Below are the entries. Transcribe exactly the lines from the one with "If you got value" through the one with "Let's learn about", ends included, and leave out all others.
•••
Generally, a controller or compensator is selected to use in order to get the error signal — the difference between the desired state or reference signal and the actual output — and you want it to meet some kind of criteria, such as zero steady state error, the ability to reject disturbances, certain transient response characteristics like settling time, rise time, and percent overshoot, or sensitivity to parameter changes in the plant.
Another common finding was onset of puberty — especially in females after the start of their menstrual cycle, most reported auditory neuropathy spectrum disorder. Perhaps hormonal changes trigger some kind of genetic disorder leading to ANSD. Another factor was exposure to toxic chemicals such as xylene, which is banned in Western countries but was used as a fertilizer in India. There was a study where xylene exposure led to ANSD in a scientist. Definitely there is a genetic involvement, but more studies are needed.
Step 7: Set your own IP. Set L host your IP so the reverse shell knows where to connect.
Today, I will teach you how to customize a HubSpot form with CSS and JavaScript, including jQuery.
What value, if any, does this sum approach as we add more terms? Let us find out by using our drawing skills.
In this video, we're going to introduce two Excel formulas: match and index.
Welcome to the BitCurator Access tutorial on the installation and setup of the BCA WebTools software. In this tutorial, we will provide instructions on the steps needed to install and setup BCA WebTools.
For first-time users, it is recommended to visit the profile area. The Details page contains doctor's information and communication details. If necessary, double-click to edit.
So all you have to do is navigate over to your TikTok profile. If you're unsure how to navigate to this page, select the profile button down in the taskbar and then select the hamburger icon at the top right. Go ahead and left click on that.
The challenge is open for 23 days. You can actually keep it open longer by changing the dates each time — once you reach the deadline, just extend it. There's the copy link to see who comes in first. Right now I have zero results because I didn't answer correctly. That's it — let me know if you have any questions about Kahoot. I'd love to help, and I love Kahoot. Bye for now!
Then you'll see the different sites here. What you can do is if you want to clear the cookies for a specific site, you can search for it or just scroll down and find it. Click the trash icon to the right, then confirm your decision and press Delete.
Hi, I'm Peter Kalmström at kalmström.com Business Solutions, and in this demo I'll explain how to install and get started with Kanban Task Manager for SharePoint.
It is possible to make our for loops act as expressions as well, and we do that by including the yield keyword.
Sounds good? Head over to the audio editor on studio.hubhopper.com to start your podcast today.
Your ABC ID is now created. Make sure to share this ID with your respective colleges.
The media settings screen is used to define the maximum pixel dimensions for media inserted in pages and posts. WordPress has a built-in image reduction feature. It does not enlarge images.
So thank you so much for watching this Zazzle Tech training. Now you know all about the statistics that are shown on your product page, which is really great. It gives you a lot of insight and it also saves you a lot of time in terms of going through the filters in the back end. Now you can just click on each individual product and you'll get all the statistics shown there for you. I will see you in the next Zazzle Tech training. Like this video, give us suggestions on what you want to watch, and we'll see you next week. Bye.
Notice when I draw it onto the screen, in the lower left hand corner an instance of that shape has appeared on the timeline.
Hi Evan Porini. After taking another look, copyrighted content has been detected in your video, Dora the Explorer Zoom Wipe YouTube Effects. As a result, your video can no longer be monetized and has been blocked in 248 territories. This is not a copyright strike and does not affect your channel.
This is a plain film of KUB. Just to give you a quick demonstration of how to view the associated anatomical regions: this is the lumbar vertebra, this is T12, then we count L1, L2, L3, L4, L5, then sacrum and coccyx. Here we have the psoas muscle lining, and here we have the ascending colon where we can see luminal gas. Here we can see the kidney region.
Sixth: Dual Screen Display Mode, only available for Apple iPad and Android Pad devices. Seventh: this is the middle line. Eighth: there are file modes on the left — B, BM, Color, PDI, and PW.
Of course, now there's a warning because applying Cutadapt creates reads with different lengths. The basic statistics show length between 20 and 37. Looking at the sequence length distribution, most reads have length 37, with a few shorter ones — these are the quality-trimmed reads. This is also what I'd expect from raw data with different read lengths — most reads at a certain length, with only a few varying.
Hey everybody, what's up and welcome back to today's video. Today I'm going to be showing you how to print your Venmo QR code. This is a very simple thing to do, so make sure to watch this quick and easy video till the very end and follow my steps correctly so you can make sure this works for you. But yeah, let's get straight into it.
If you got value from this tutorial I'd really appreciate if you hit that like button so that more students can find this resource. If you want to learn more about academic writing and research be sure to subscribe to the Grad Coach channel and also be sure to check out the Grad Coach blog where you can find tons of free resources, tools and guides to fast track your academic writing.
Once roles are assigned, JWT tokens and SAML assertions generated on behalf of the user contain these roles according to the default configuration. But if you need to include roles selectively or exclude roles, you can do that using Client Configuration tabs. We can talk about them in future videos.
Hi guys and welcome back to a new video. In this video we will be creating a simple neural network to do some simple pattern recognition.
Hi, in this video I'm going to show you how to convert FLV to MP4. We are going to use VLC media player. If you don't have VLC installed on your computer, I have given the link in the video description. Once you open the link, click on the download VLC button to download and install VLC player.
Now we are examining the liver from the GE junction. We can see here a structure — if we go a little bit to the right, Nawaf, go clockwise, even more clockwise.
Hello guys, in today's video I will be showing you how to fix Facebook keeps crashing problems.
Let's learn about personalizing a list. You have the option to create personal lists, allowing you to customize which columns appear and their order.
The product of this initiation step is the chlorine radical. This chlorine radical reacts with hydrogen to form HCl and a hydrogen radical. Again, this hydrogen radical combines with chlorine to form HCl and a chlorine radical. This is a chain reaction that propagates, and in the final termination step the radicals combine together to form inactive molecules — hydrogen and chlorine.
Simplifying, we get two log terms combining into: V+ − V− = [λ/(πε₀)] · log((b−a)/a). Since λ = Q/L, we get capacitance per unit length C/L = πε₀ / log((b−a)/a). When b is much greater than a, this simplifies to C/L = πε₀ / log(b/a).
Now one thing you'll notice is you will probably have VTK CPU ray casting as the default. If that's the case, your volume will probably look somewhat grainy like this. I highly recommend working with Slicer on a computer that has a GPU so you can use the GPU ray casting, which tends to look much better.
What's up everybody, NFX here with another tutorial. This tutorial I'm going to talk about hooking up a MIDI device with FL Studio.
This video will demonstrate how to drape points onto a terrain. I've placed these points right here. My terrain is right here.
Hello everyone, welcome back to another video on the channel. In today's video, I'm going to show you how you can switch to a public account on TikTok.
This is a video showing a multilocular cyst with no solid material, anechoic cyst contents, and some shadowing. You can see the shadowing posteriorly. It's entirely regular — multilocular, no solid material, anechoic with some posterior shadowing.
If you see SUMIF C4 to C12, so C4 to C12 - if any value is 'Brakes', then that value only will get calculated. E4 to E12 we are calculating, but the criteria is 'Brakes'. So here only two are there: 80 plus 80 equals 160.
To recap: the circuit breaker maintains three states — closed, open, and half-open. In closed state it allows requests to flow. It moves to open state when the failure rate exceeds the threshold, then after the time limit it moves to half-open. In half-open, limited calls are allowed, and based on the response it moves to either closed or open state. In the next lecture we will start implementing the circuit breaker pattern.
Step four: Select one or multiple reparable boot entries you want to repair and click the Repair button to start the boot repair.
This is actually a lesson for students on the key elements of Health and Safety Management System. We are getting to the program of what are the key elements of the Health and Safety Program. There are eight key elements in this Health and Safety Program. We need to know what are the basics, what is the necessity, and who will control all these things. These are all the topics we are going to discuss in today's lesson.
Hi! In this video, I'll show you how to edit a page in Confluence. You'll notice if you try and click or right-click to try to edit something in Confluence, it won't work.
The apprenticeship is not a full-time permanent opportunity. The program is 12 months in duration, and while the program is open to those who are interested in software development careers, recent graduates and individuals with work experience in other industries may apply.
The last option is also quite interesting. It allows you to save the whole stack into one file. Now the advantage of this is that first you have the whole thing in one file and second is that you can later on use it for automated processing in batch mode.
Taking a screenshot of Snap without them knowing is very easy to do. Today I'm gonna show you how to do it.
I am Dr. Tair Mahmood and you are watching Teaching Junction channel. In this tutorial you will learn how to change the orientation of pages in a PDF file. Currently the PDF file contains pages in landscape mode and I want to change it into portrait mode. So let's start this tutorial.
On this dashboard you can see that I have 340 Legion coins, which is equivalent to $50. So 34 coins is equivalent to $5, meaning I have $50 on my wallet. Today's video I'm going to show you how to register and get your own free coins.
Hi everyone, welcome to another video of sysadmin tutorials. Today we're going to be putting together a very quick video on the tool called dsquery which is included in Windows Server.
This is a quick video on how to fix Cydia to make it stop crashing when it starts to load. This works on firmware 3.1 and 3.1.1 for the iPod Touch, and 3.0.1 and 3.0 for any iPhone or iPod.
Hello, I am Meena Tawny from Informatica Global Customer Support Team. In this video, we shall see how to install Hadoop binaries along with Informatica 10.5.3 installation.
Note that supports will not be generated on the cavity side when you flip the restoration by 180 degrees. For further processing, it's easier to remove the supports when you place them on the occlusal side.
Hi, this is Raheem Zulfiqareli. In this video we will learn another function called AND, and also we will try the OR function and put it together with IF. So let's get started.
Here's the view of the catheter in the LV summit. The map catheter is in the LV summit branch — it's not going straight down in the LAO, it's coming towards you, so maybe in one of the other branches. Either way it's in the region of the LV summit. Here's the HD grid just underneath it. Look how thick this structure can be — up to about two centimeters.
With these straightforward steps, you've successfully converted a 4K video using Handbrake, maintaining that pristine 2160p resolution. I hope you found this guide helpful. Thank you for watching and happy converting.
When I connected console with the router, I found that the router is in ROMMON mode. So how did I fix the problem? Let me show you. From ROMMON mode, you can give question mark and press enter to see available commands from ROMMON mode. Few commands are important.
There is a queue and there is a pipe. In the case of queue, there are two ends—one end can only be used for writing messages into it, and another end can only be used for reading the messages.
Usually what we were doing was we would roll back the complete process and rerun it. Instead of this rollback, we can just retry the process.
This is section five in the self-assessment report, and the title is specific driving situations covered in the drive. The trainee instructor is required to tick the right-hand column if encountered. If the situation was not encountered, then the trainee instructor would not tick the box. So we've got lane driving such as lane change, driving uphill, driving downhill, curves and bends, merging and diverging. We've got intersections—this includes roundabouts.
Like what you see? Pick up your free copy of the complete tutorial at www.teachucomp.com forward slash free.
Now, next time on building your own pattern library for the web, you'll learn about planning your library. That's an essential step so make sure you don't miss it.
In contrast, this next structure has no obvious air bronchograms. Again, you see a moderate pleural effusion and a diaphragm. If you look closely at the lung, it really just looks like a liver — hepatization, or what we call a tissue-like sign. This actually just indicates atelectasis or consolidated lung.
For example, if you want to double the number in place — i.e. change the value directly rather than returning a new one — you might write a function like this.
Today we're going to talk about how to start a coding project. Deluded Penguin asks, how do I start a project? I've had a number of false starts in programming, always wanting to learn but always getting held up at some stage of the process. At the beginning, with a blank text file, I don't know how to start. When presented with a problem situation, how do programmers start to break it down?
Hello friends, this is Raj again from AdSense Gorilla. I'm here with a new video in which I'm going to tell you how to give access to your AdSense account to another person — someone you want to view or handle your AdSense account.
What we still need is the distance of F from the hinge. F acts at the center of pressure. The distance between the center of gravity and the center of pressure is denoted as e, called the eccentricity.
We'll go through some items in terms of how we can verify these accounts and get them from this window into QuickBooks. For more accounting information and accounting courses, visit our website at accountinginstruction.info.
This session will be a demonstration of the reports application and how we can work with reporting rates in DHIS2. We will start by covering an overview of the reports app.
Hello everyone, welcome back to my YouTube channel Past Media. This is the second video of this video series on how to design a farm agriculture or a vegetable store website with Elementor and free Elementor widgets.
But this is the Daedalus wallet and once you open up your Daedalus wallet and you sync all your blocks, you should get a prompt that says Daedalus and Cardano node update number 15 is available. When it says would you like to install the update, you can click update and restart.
•••
» Reply to the task
If you got value from this tutorial I'd really appreciate if you hit that like button so that more students can find this resource. If you want to learn more about academic writing and research be sure to subscribe to the Grad Coach channel and also be sure to check out the Grad Coach blog where you can find tons of free resources, tools and guides to fast track your academic writing.
Once roles are assigned, JWT tokens and SAML assertions generated on behalf of the user contain these roles according to the default configuration. But if you need to include roles selectively or exclude roles, you can do that using Client Configuration tabs. We can talk about them in future videos.
Hi guys and welcome back to a new video. In this video we will be creating a simple neural network to do some simple pattern recognition.
Hi, in this video I'm going to show you how to convert FLV to MP4. We are going to use VLC media player. If you don't have VLC installed on your computer, I have given the link in the video description. Once you open the link, click on the download VLC button to download and install VLC player.
Now we are examining the liver from the GE junction. We can see here a structure — if we go a little bit to the right, Nawaf, go clockwise, even more clockwise.
Hello guys, in today's video I will be showing you how to fix Facebook keeps crashing problems.
Let's learn about personalizing a list. You have the option to create personal lists, allowing you to customize which columns appear and their order.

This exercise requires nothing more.